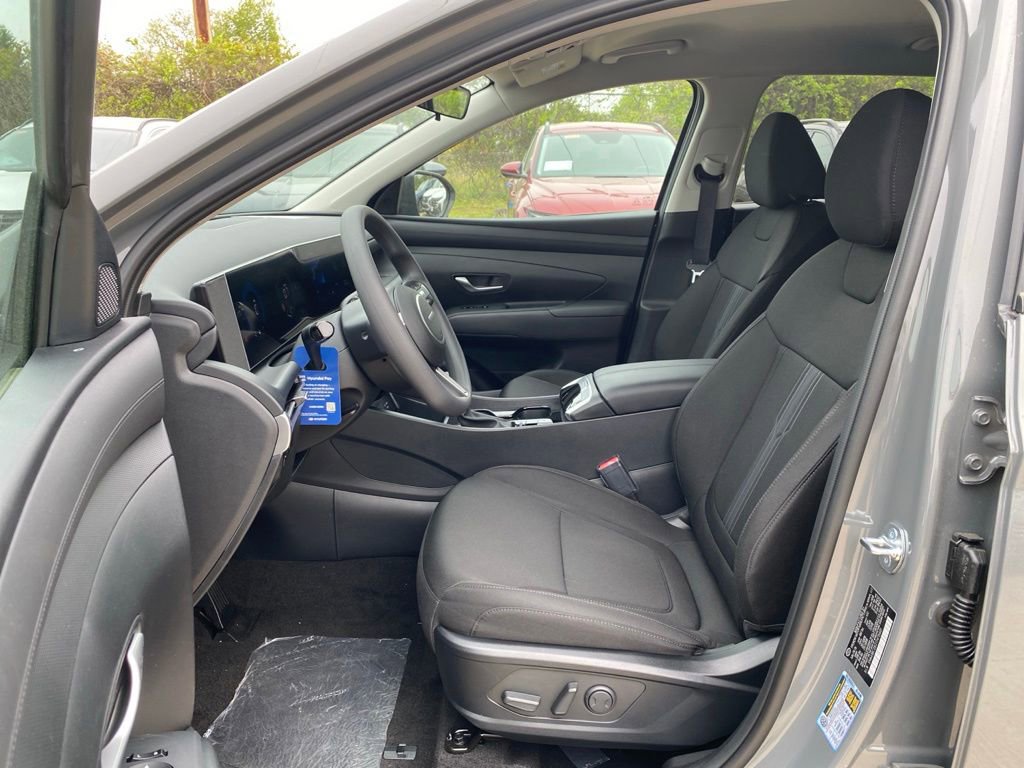 New 2026 Hyundai Tucson SEL AWD/4WD image 12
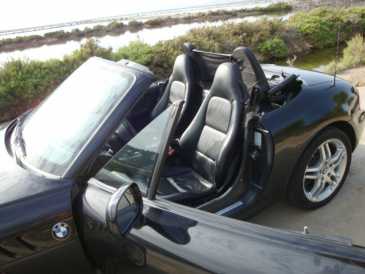 Фотоий: надувательство автомобили BMW - Z3 Roadster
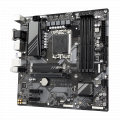 Mainboard GIGABYTE B760M DS3H (LGA 1700, 4 x DDR5, HDMI, Displayport, D-Sub, 2 khe M.2 Gen4)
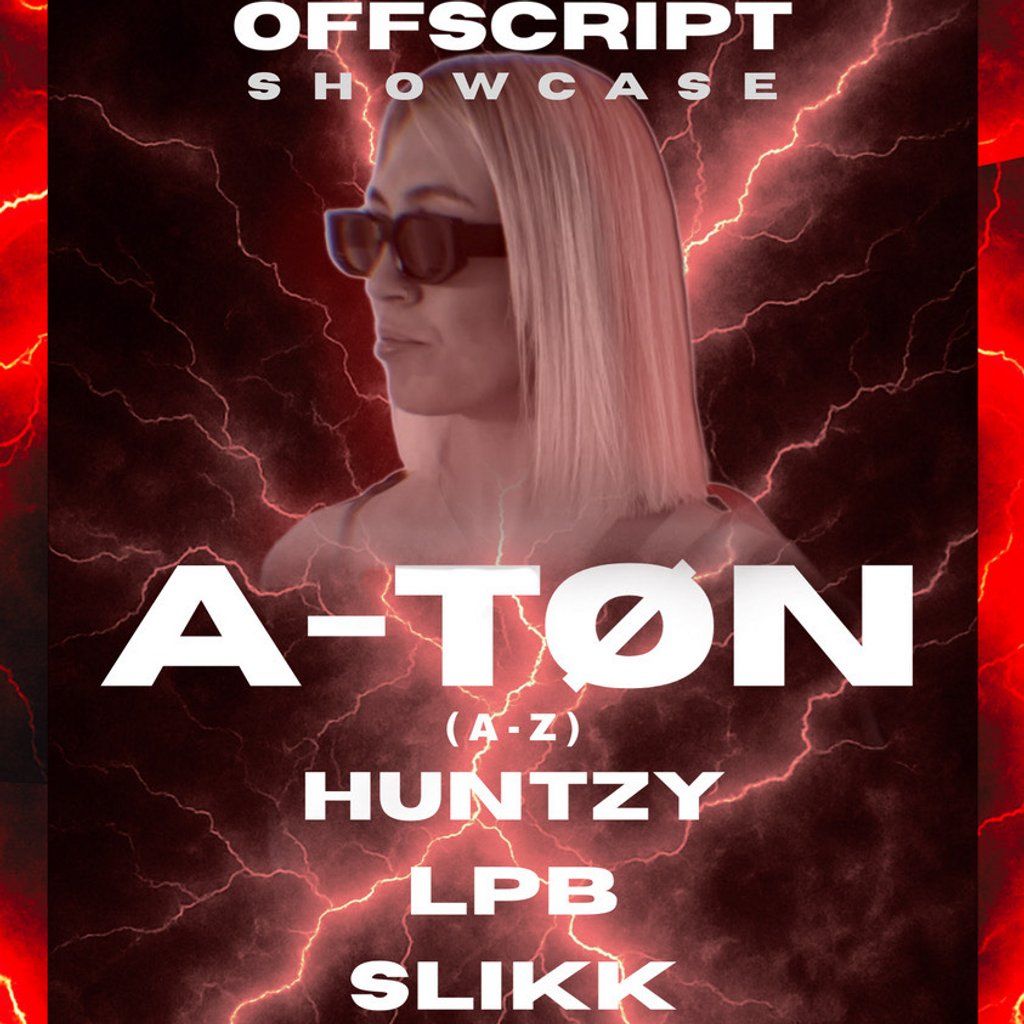 Off Script - Showcase, 12 December | Event in Glasgow | AllEvents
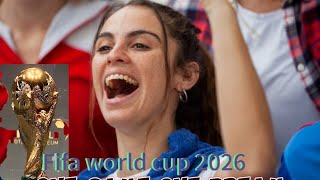 Fifa world cup 2026 theme song // one game one dream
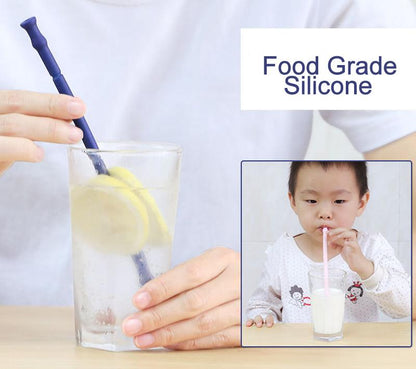 Silicon Straw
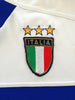 1999/00 Italy Away Football Shirt (L)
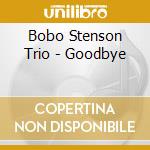 Bobo Stenson Trio - Goodbye cd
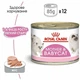 Влажный корм Royal Canin BABYCAT INSTINCTIVE Cans для кошек в период лактации и новорожденных котят (Паштет) 195 г (9003579311660) - изображение 2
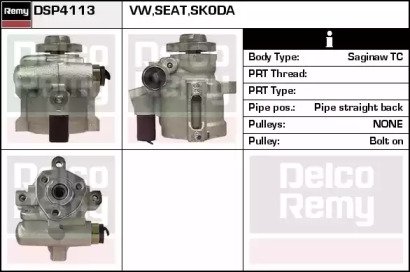 REMY DSP4113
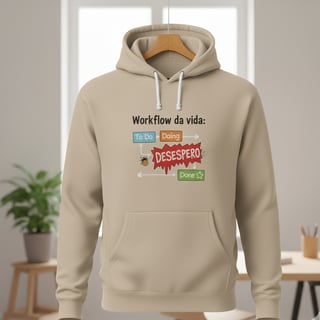 Moletom - Done Vibes Hoodie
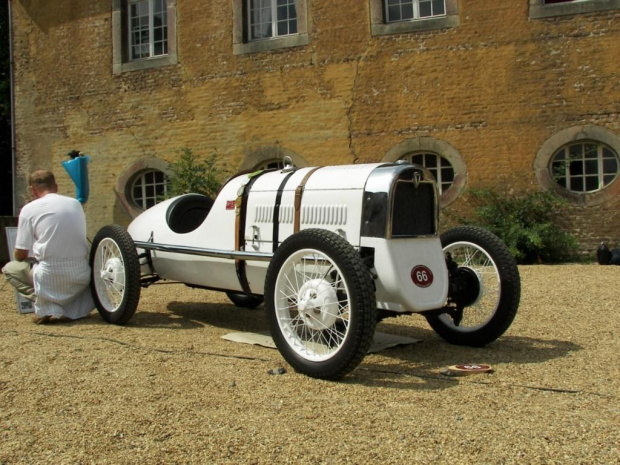 Schloss Dyck - Classic DAYS 2006 #OldtimerWystawa #ZlotStareAuta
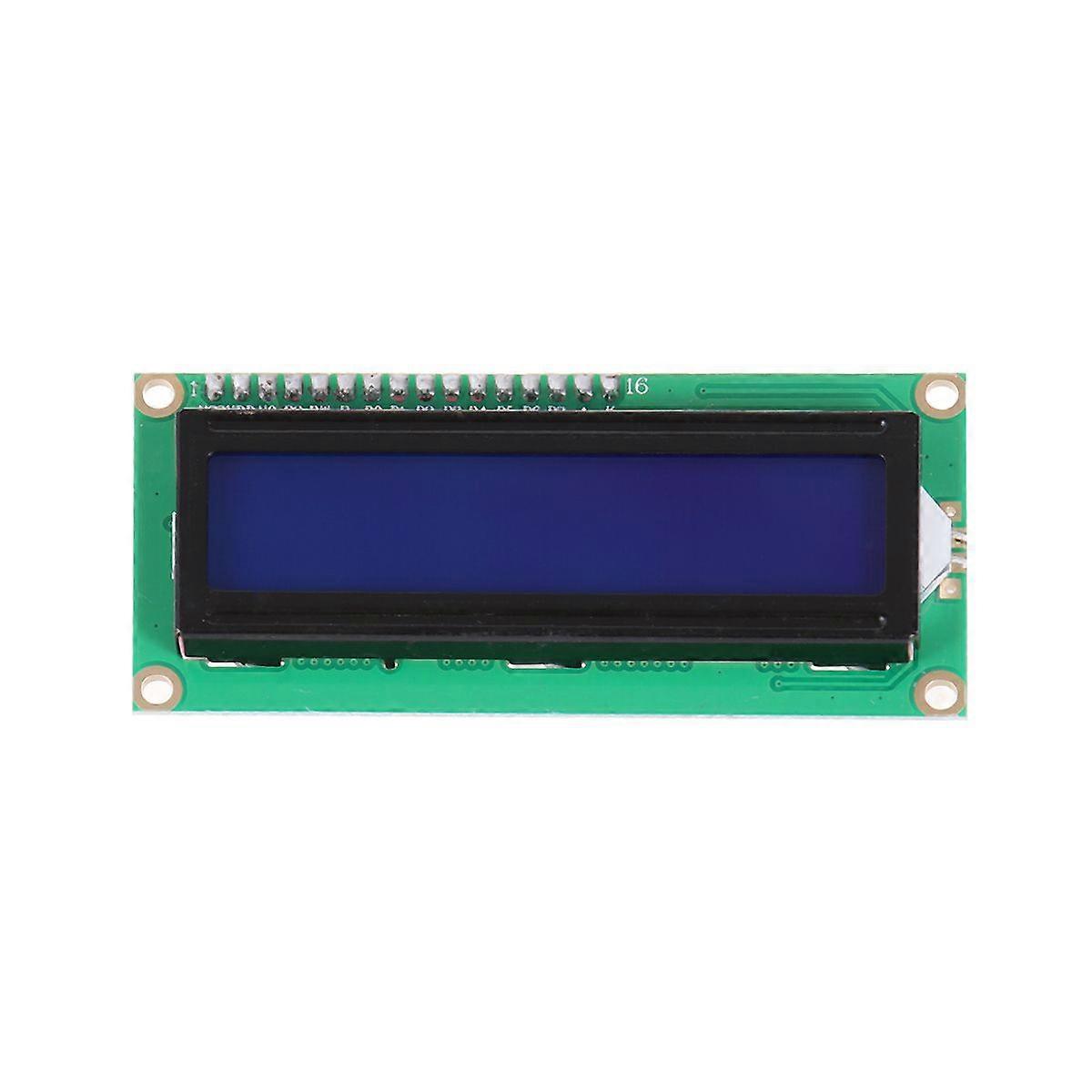 /I2C 1602A Serial LCD Durable Practical Module Display Compatible for MEGA R3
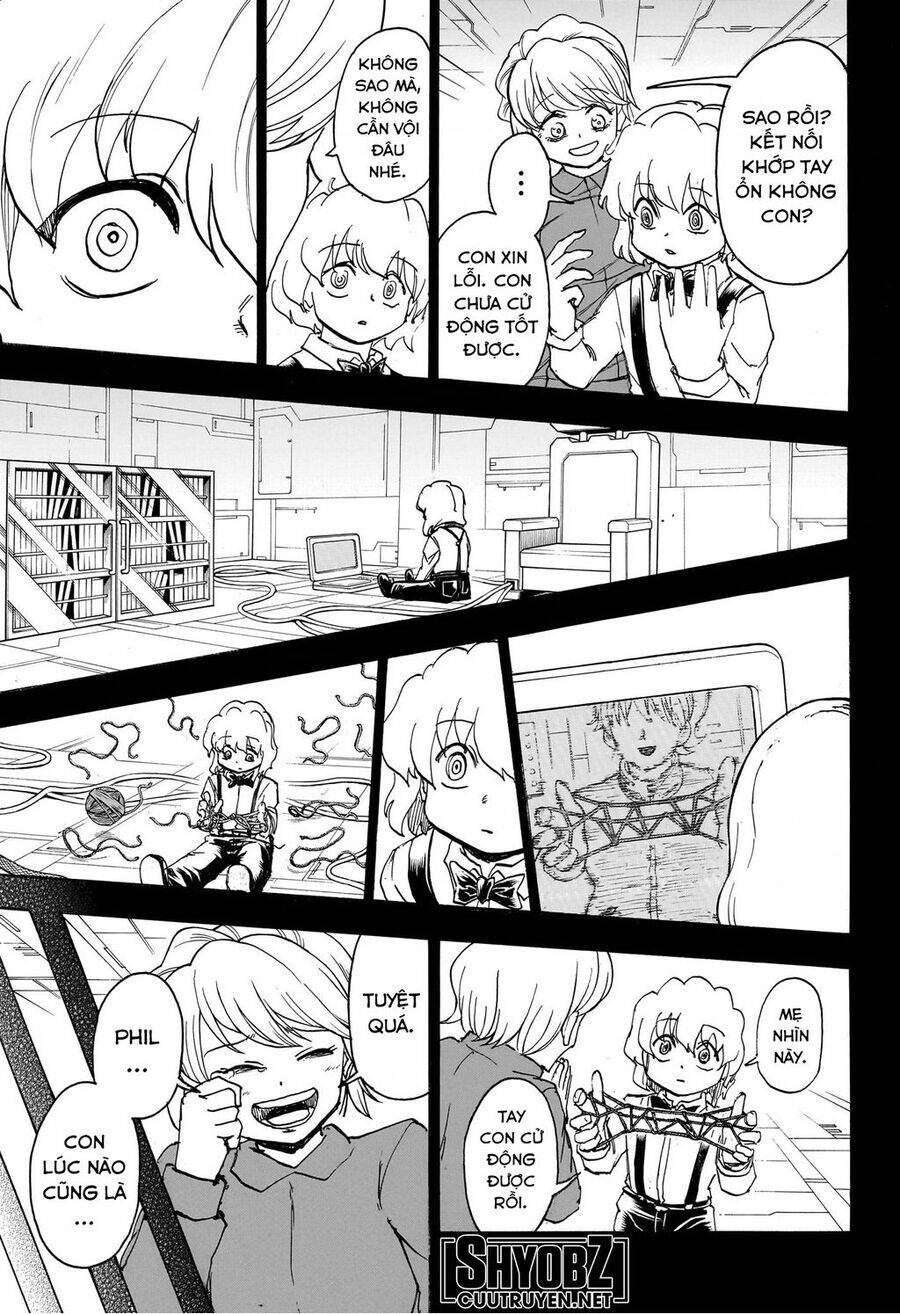 Bất Hạnh Và Bất Tử Chapter 159 - 11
##########
DIRECTIONS FOR THIS TASK:
With pictures omitted, reproduce exactly the lines from the line containing "Schloss Dyck - Classic" through the end of the data above.

PROBLEM SOLUTION:
 Schloss Dyck - Classic DAYS 2006 #OldtimerWystawa #ZlotStareAuta
 /I2C 1602A Serial LCD Durable Practical Module Display Compatible for MEGA R3
 Bất Hạnh Và Bất Tử Chapter 159 - 11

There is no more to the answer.